Korean transcription(s)
- • Chosŏn'gŭl: 동림군
- • Hancha: 東林郡
- • McCune-Reischauer: Tongrim-kun
- • Revised Romanization: Dongrim-gun
- Location of Tongrim County
- Country: North Korea
- Province: North P'yŏngan
- Administrative divisions: 1 ŭp, 2 workers' districts, 20 ri

Area
- • Total: 415.3 km^{2} (160.3 sq mi)

Population (2008)
- • Total: 104,614

= Tongrim County =

Tongrim County is a kun, or county, in coastal southwestern North P'yŏngan province, North Korea. It borders P'ihyŏn and Ch'ŏnma to the north, Sŏnch'ŏn to the east, Ch'ŏlsan to the southwest and Yŏmju to the west. To the south, it looks out on the Yellow Sea.

==Geography==
The landscape is dominated by low, rolling hills and basins, rising to its highest point, Munsusan, at 736 m on the northern border. Tongrim is drained by the Ch'ŏngch'ŏn River and its tributaries, including the Maryŏng River and the Kokch'ŏn stream. Some 60% of the county is covered by forestland; only 26% of the area is cultivated.
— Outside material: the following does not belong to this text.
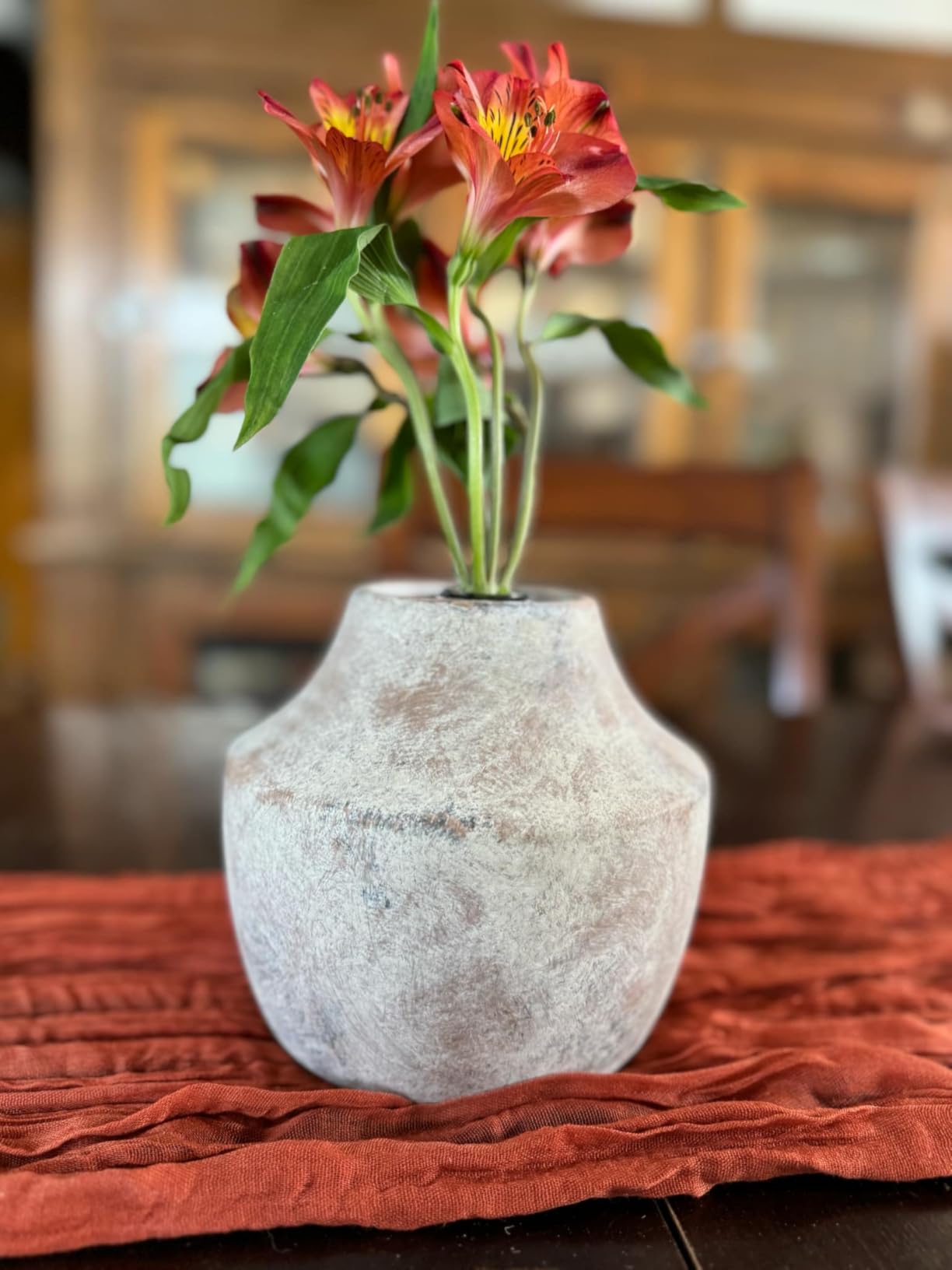 Decorative vase with flowers on a tablecloth in a blurred indoor setting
==Administrative divisions==
Tongrim county is divided into 1 ŭp (town), 2 rodongjagu (workers' districts) and 20 ri (villages):

| * Tongrim-ŭp (동림읍/東林邑) * Obong-rodongjagu (오봉로동자구/梧峰勞動者區) * Singong-rodongjagu (신곡로동자구/新谷勞動者區) * Ansal-li (안산리/雁山里) * Changbong-ri (잠봉리/蠶峰里) * Ch'ŏnggang-ri (청강리/淸江里) * Ch'ŏngsong-ri (청송리/靑松里) * Indo-ri (인두리/仁豆里) * Inp'ung-ri (인풍리/仁豊里) * Kogon'yŏng-ri (고군영리/古軍營里) * Masŏng-ri (마성리/磨星里) * Namsal-li (남삼리/南三里) | * Posŏng-ri (보성리/保聖里) * Puhwang-ri (부황리/付皇里) * P'ungch'ŏl-li (풍천리/豊川里) * Ryongsal-li (룡산리/龍山里) * Ryong'yŏl-li (룡연리/龍淵里) * Samsŏng-ri (삼성리/三成里) * Sangsu-ri (상수리/上水里) * Sansŏng-ri (산성리/山城里) * Ŭnbong-ri (은봉리/殷峰里) * Wŏl'al-li (월안리/月安里) * Wŏlgong-ri (월곡리/月谷里) |

==Climate==
The year-round average temperature is 8.8 C; the January mean is -8.7 C, while the August average is 24 C. Annual rainfall averages 1000 mm.

==Economy==
The cultivated land is irrigated, with crops including rice, maize, soybeans, wheat, barley, and tobacco. Aquaculture is also practiced. There are various mines and factories producing machinery including pumps.

==Transportation==
The P'yŏngŭi Line of the Korean State Railway passes through Tongrim county on its way between Sinŭiju and P'yŏngyang.

==Places of interest==
Noted landmarks include Tongrim Falls, a 10-meter waterfall, and the Tongrim Manchurian Ash, which is North Korean natural monument No. 11.